Irreplaceable January 12, 2009

Richard John Neuhaus was an irreplaceable man. Few public intellectuals ever have expressed themselves with the same warmth, wit, and verve, and few have had the range of experience, interest and insight. How many inner city pastors could also mount a withering attack on Richard Rorty? We will have to go through the Obama years without his help, and that is a great loss.

The uniqueness of his mind is only half of it. He was irreplaceably placed. President Bush wasn’t indulging post-morten politeness when he called Neuhaus his “dear friend” and counsellor, but Neuhaus had friends on the other side of the aisle as well. Who else has counted Bush and Martin Luther King among his friends? Who else had such close associations with Popes and with Charles Colson?

There are a lot of smart people about, but only Neuhaus could have launched First Things and made it the standard of Christian journalism that it is.

I disagreed with some of Neuhaus’s most cherished principles. Long ago, I wrote a critique of The Naked Public Square challenging Neuhaus’s advocacy of an American civil religion, and I’ve also attacked the natural law theory of Neuhaus’s beloved John Courtney Murray. I did not find Neuhaus’s defenses of Roman Catholicism convincing either.

But on many of the major battles of his lifetime he was not only on the right but in the right. He was right in marching for racial justice and right again in opposing affirmative action, right in defending the unborn, right in opposing the wide-ranging post-1960s movement for sexual liberation, right in defending freedom in politics and economics, right in attacking the naked public square, right in striving to ground it all in the gospel proclamation of the kingdom of Jesus. He changed collars and traditions, but he retained the evangelical heart of his Lutheran heritage.
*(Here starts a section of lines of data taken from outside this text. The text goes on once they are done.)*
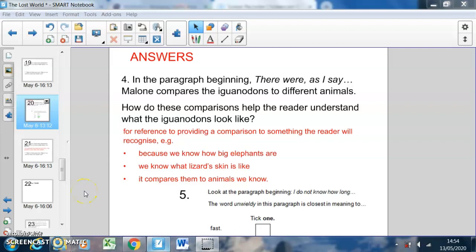Morning guys. I'm just going to start by going through the answers to Wednesday's lesson. Question number four, in the paragraph beginning 'there were', Malone compares the iguanodons to different animals. How do these comparisons help the reader understand what they look like? You had to read that paragraph, read the description, unlock what some of the phrases mean, and the image that they create in your head.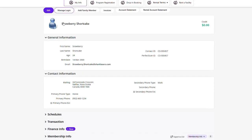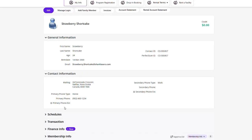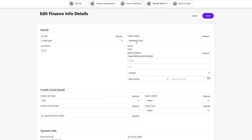Go to your client profile. Click on Finance Info. Click on New in the Finance Info section, enter credit card as the type and enter the holder's name.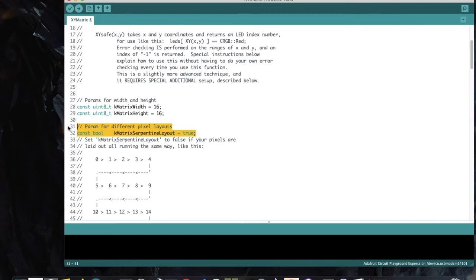You can always check whether a matrix is serpentine by animating a simple chase pattern and watching how the dot moves through the matrix. Match the movement pattern to one of the illustrations at the top of XYMatrix, then set kMatrixSerpentineLayout to true or false accordingly.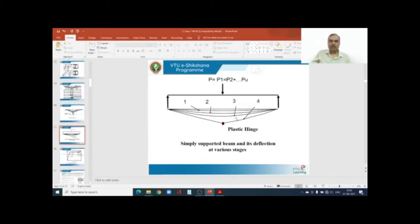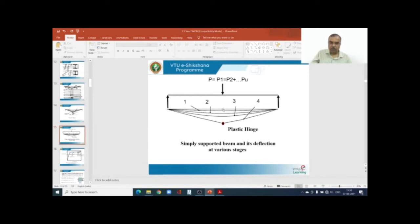Looking at the deflection profile for the same simply supported beam: at condition 1 there is a small deflection; at condition 2 deflection has increased; at condition 3 there is substantial increase corresponding to elastoplastic behavior; and at condition 4 the deflection is at its absolute maximum, corresponding to the formation of the plastic hinge and continuous rotation.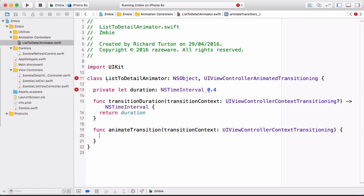There's a little bit of boilerplate you have to do in almost every custom transition. The transition context object, conforming to UIViewControllerContextTransitioning, contains details about the view controllers leaving and arriving on screen, their views, and the overall container view where the animation happens. You need to pull out those values into variables. Get the from view controller using viewController(forKey: .from) and the to view controller using viewController(forKey: .to). These are optionals but we know they'll be there, so make them implicitly unwrapped.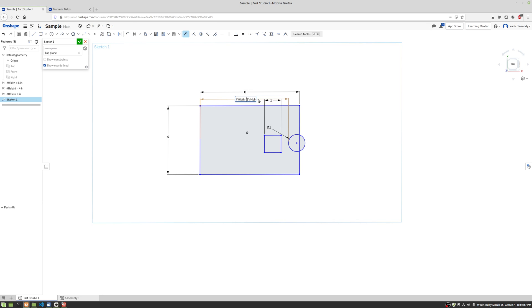Ooh. And I forgot my order of operations. Okay, so we're going to enclose the width minus two times hole in its own set of parentheses, and then we're going to divide that whole thing by three. Okay, there we go.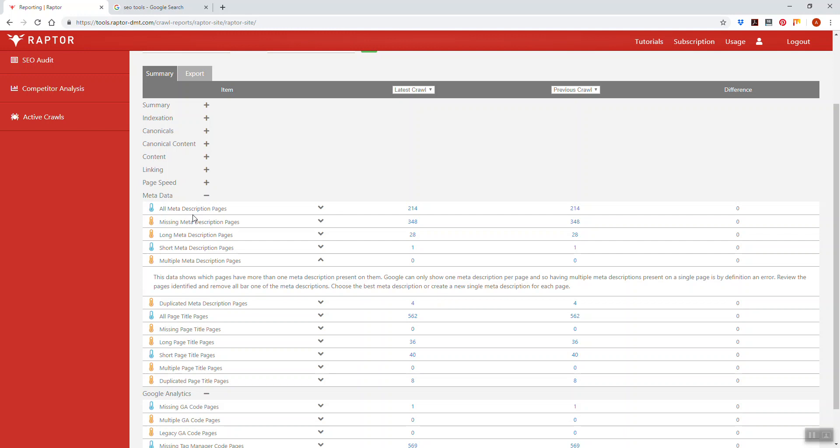That has an indirect impact on your organic visibility for that term because the meta description affects click through rates and click through rate is a very powerful and direct ranking factor.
I met him only once, back in the early 1990s. I had written a couple of pieces for First Things and got an undesered invitation to a conference sponsored by the magazine. I’m sure Neuhaus said more to me, but what I remember him saying, when I introduced myself, is, “I thought you were older.” I have always suspected that my occasional presence in First Things is a case of mistaken identity.

I have also surmised from a distance that Neuhaus remained above all a pastor. The world was his parish, though in a different sense than John Wesley. Yet, he also seems to have attended to small things. I have only one piece of concrete evidence, but it is telling. Shortly after Emma, my second daughter and seventh child, was born, I received a brief letter from Neuhaus. Somehow he had caught wind of Emma’s birth, and wrote to commend me for being part of the reproductive revolution and to suggest whimsically that with a name like “Emma Christine Leithart,” my daughter should be a heroine of a romance novel.

I’ll remember Neuhaus’s entertaining writing, always informative and challenging even when I disagreed. I am grateful for the massive contributions Neuhaus and his circle have made to the formation of American public culture, especially among Christians.

But my main impression of Neuhaus will be of a public man, busy with Presidents and Popes, who took a moment to celebrate the birth of a child he never knew.